Homegrown hockey player shines on the international stage

With 20,000 fans cheering you on, it’s hard not to get overwhelmed. Dieppe native Philippe Myers, fresh off the ice from the 2017 World Junior Hockey Championship, still gets goosebumps thinking about playing for Team Canada at one of the biggest international hockey events of the year.

The 19-year-old defenseman just can’t believe it.

            “I will never forget this experience. You’re playing against the best players in the world. It’s incredible.

“When you’re up against the best hockey players, you realize you can do this and you are good. I realized I can compete against the best players and I’ll take that confidence and bring it back to the juniors. Hopefully it will pay off.”

            Donning the red and white was a dream for Philippe, made all the better by playing for the national team in Canada. When the players stepped on the ice, the crowds in Toronto and Montreal roared with excitement. Philippe felt it every shift.

            “They gave us the energy when we needed it at important times. It was an honour to wear that maple leaf on my chest.”

Philippe took a hit early in the second period of Canada’s 3-1 loss to the United States on Dec. 31 and left the game. He was concussed and would sit out for the rest of the tournament, including the gold medal game where Canada nabbed a silver medal. In four games, he notched three assists.

“Unfortunately my journey had to end a bit early,” he said. “But it was an incredible experience. I’ve played three preseason NHL games but after that, the World Juniors was by far the best hockey I’ve ever been in.”

Philippe went undrafted in the 2015 NHL Entry Draft and went home unsigned from a Calgary Flames camp. After a strong showing at a 2015 Philadelphia Flyers development camp, the team signed Philippe to a three-year contract.

Twice named a QMJHL All-Star, it all started with a trip to the rink. After learning to skate with his dad around the age of four, Philippe enjoyed a successful career in the Moncton hockey program. He played on Team New Brunswick in 2013 and tallied 14 points for the Moncton Flyers Midget AAA team that same season. Philippe wanted to stay and prosper in his hometown.

“We had a good team that year and it was good for me to play there. It was my decision to stay and have fun with my friends,” he said. “Having fun is important when you play hockey and I’m glad I stayed in Moncton because I gained a lot of confidence and it started off my hockey career.”

Having now competed with and against some of the world’s top junior players, Philippe is taking what he’s learned from the tournament and focusing on the rest of the year with his QMJHL team.

Philippe wore the maple leaf with Rouyn-Noranda teammate Jeremy Lauzon and laced up with a handful of QMJHL rivals, including Saint John Sea Dogs Thomas Chabot and Mathieu Joseph. They all formed brotherly bonds during the tournament – but don’t expect any friendships to make an appearance in the regular season.

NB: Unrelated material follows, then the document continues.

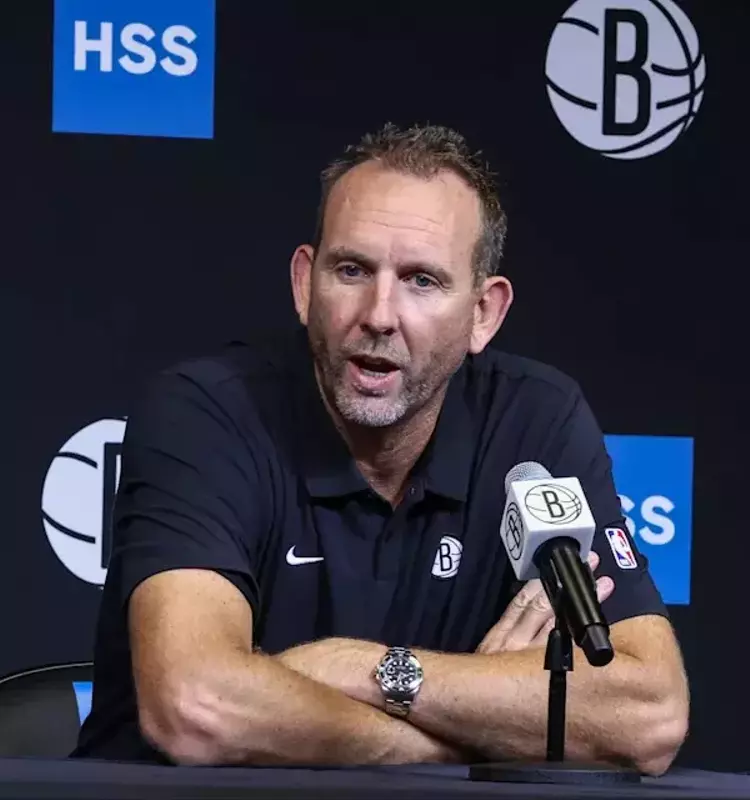 NBA's Expansion Horizons: Sean Marks Weighs In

“Will I take it easy on those guys? Of course not,” he laughed.

Still sidelined with a concussion, Philippe is focused on getting better. He’s not stepping back on the ice until he’s 100 per cent ready.

As Philippe looks ahead to the remainder of the season, he’s got one thing on his mind: repeating history.

“We want to win the President’s Cup again. Last year’s experience was unbelievable and I think we’ve got the team to pull it off this year.”